## EXERCISE INSTRUCTIONS
The lines below must be transcribed exactly as given, with the images removed.

Web page caption snippets
□ □ □ □ □ □ □

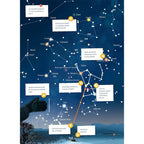 Stele si constelatii pe intelesul tuturor image 4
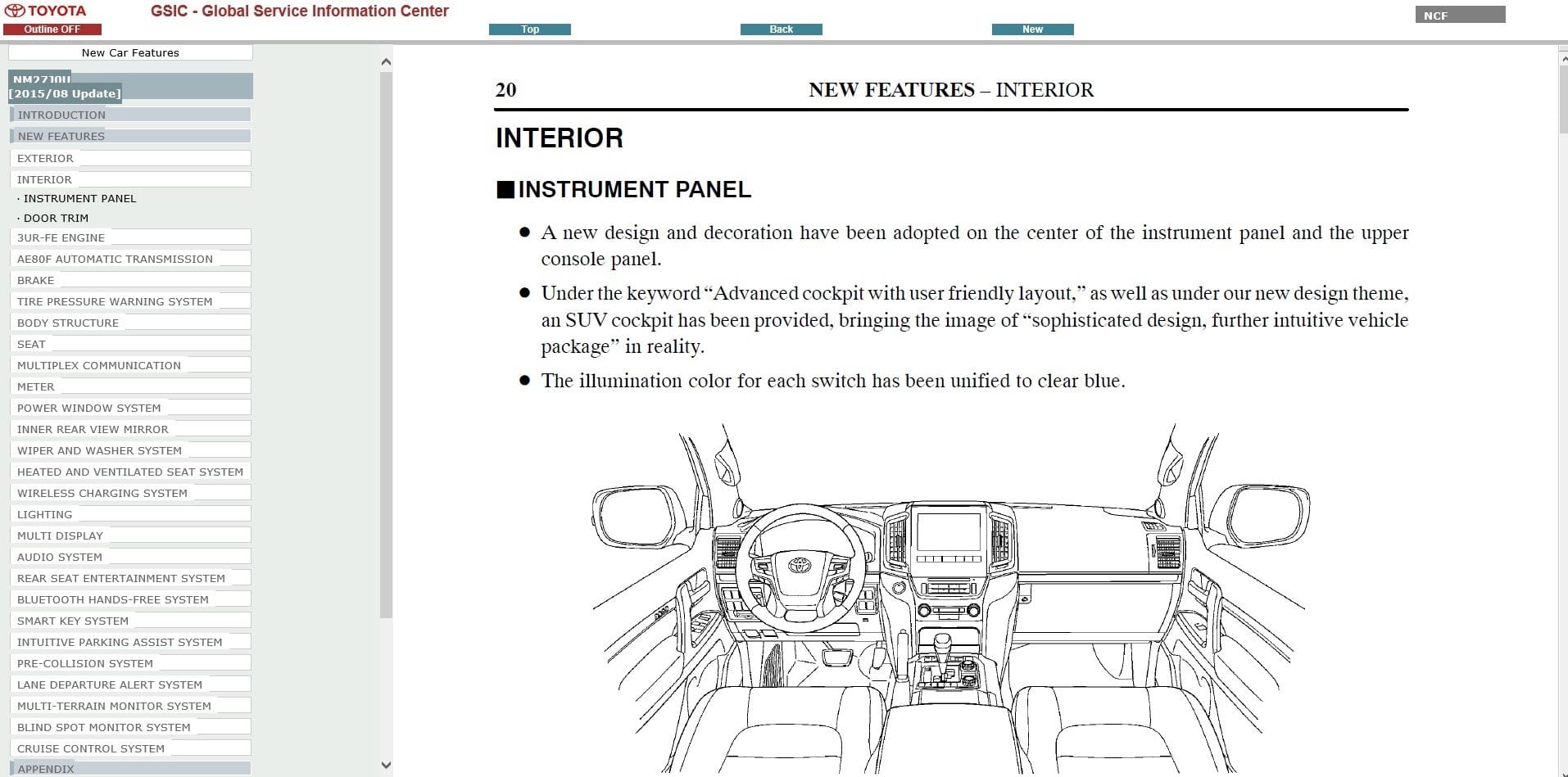 Toyota Land Cruiser URJ200 Workshop Manual - Tutalleronline - 5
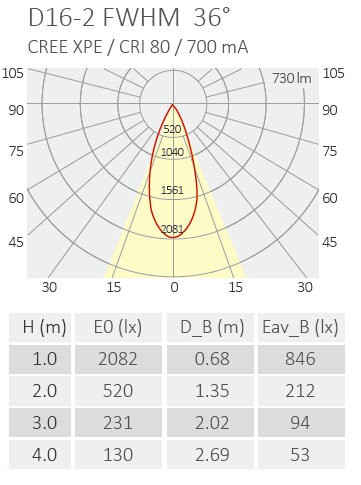 D16-2-3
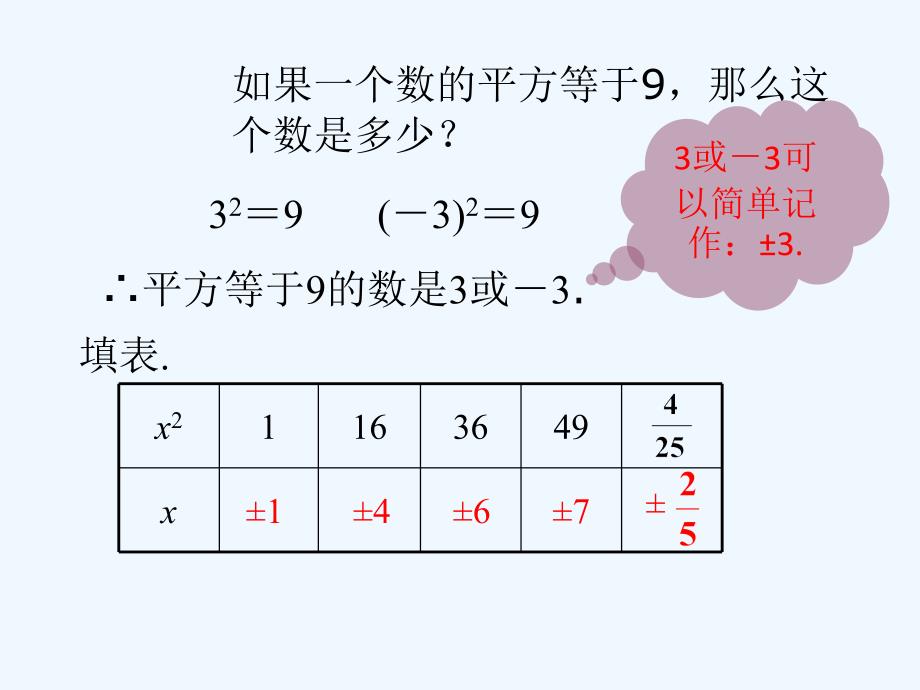 人教版七年级数学下册6.1平方根第三课时课件 （共12张PP_第4页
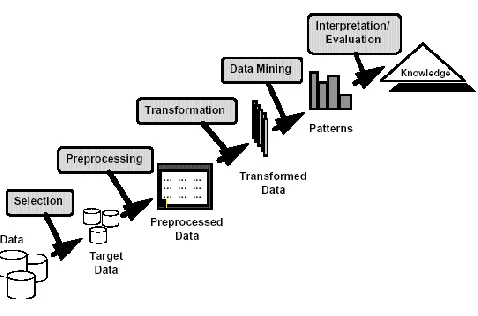 Fig 1.1 Knowledge discovery 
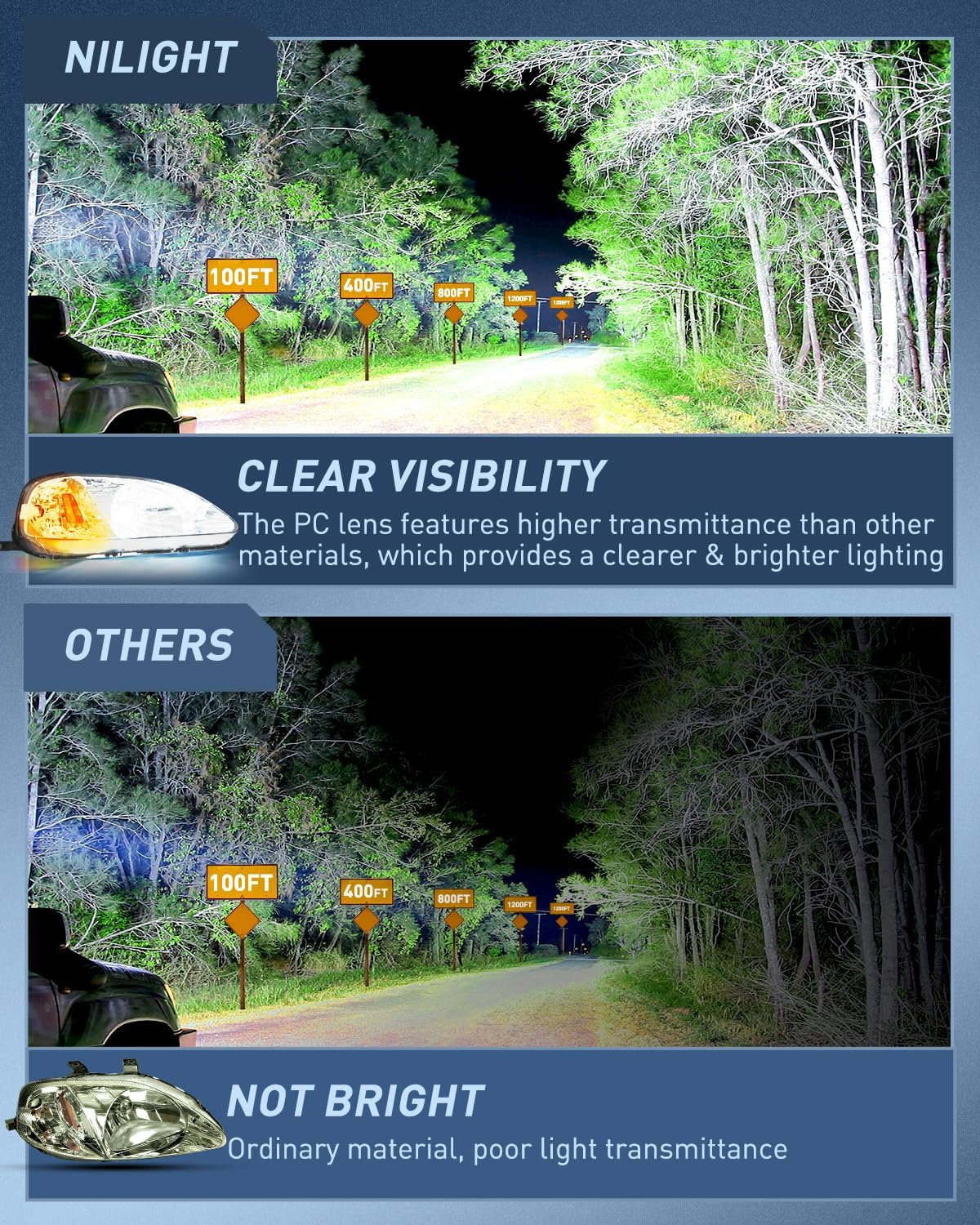 Nilight Conjunto de faros delanteros compatible con Honda Civic 1999 2000, carcasa cromada, reflector ámbar, lente transparente mejorada, lado del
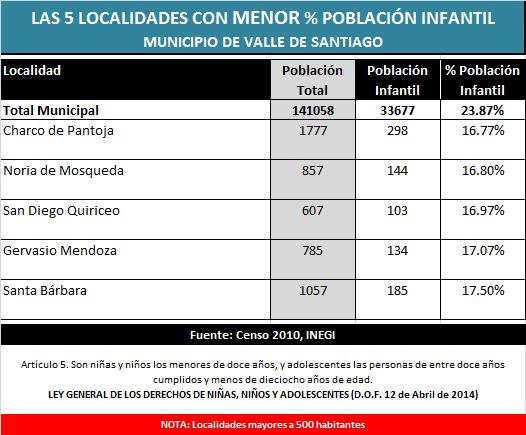 POBLACIÓN INFANTIL MENOR PORCENTAJE DE POBLACIÓN INFANTIL El promedio porcentual de Población Infantil en el municipio es cercano al 24 %.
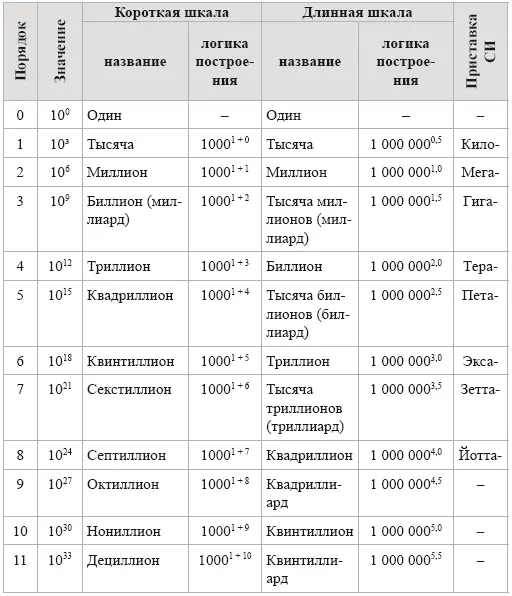 Внимание читатель Сейчас мы начинаем сеанс фетишизма Мы покажем сколько - фото 76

□ □ □ □ □ □ □

## OUTPUT FOR THIS TASK
 Stele si constelatii pe intelesul tuturor image 4
 Toyota Land Cruiser URJ200 Workshop Manual - Tutalleronline - 5
 D16-2-3
 人教版七年级数学下册6.1平方根第三课时课件 （共12张PP_第4页
 Fig 1.1 Knowledge discovery 
 Nilight Conjunto de faros delanteros compatible con Honda Civic 1999 2000, carcasa cromada, reflector ámbar, lente transparente mejorada, lado del
 POBLACIÓN INFANTIL MENOR PORCENTAJE DE POBLACIÓN INFANTIL El promedio porcentual de Población Infantil en el municipio es cercano al 24 %.
 Внимание читатель Сейчас мы начинаем сеанс фетишизма Мы покажем сколько - фото 76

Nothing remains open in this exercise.